Guy on the right is not in this movie as far as I know.

So now she has to Really Attend the new school for a while.  As hot girl Terri with college boyfriend, she was at the top of the social ladder.  New boy in school Terry is a nobody, put on the same level as the guy who carries around multiple lizards, and the two pseudo-Trek nerds who speak in a sci-fi language to each other.  She has to deal with a bit of the standard fish-out-of-water stuff, mostly involving gym class.  First she has to deal with being forced to change for gym—which she deals with by pulling the fire drill and changing when everyone else is outside.  Then when put skins for shirts-and-skins basketball… she falls over with a “stomach cramp”.

A bit of friendly interaction with the Most Popular Girl Deborah earns the ire of Senior Class Jock Bully Greg Toland.  Greg Toland is played by Billy Zabka at the true apex of Zabkasity.  He is the Ur-Zabka in this movie.  Like, in Karate Kid, you could buy that Johnny was a product of the Cobra Kai brainwashing, that he had some three-dimensionality.  Here he is literally nothing but bully, strutting around the school threatening anyone and everyone, including a bizarre practice of lifting lunch tables at random to make several people’s food fall on the ground at once.

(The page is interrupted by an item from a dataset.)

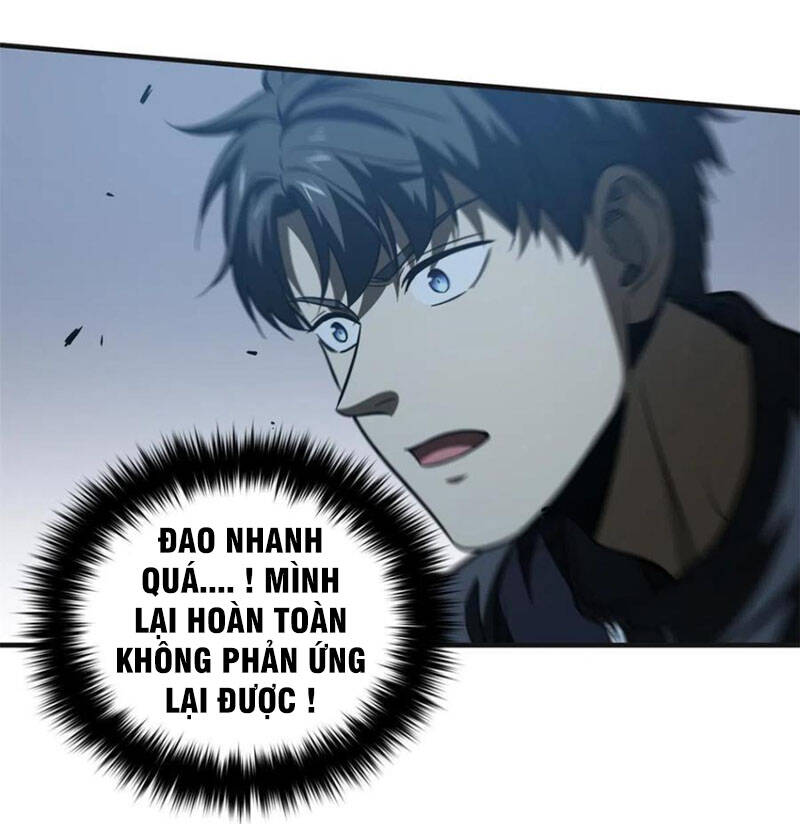 Toàn Cầu Cao Võ Chap 144 - Next Chap 145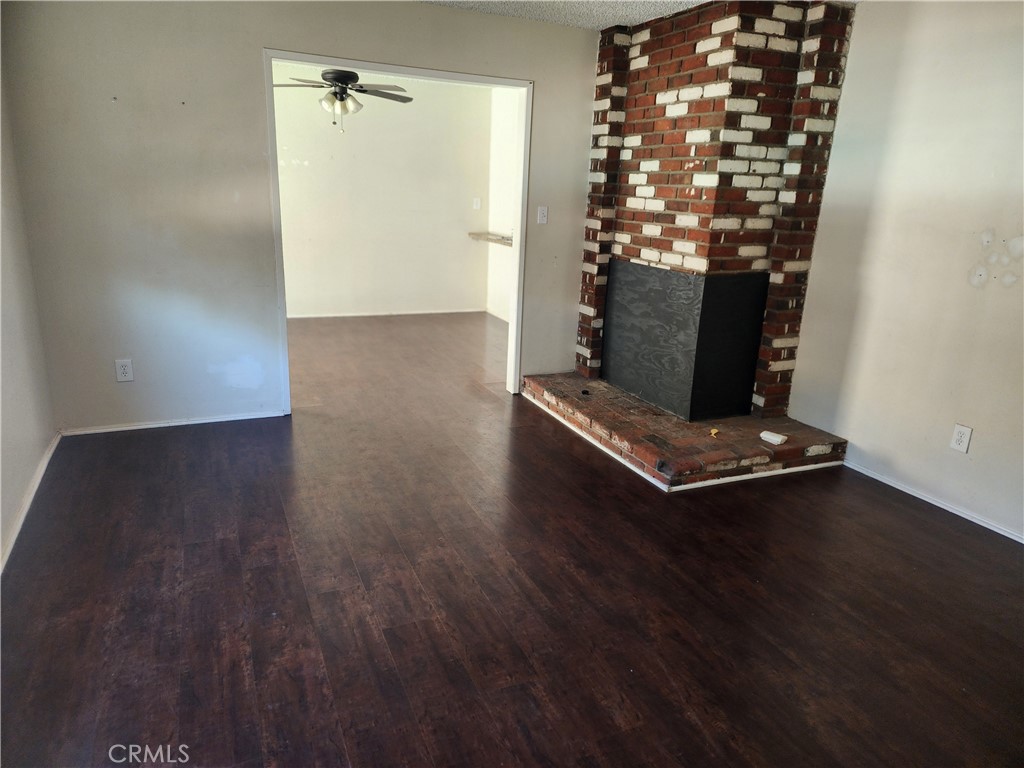 El Cajon - Residential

The only person Terri initially connects with is loner and proto-hipster Rick.  Rick, played by Clayton Rohner, is the quintessential “good guy”.  He and Terri strike up an easy friendship, which Terri decides will be the focus of her new article.  Her main plan is to play matchmaker to Rick, getting him a date to the prom.  I should point out that the movie does go out of its way to establish that Rick is not a loser in the only coding movies from the 80s understand: by making it clear that he is Not A Virgin.

Terri's plan gets entangled because Sandi—played by a very young Sherilyn Fenn—decides that Terry is just the man for her, and goes full bore to seduce, er, him.  Her first plan is to set up a double-date with Terri, Rick and her cousin, who is “so cute”.  Finding a prom date for Rick was Terri’s only motivation for going, and since Sandi’s cousin is pre-adolescent, that’s a wash.  Sandi wastes zero time when alone with Terri, divebombing into her pants and pulling out the rolled out sock she’s keeping in there.  And I have to give Sandi this credit: given that she thinks Terry is compensating for a micropenis with a rolled up sock, she's still into him.

You have to admit, she's working that tux.
You have to admit, she's working that tux.
In fact, Sandi stalks Terri to her house—just when Terri is girled up to go on a date with College Boy.  Rather than going for the obvious, “I’m Terry’s twin sister Teresa” when Sandi comes in, she does a panicked boyificaiton, pretends Buddy’s porn-spackled room is her own, and then tries to throw Buddy at Sandi when she starts getting undressed. That doesn’t work out for Buddy that time but: spoiler, they eventually end up together.  So that’s their happy ending.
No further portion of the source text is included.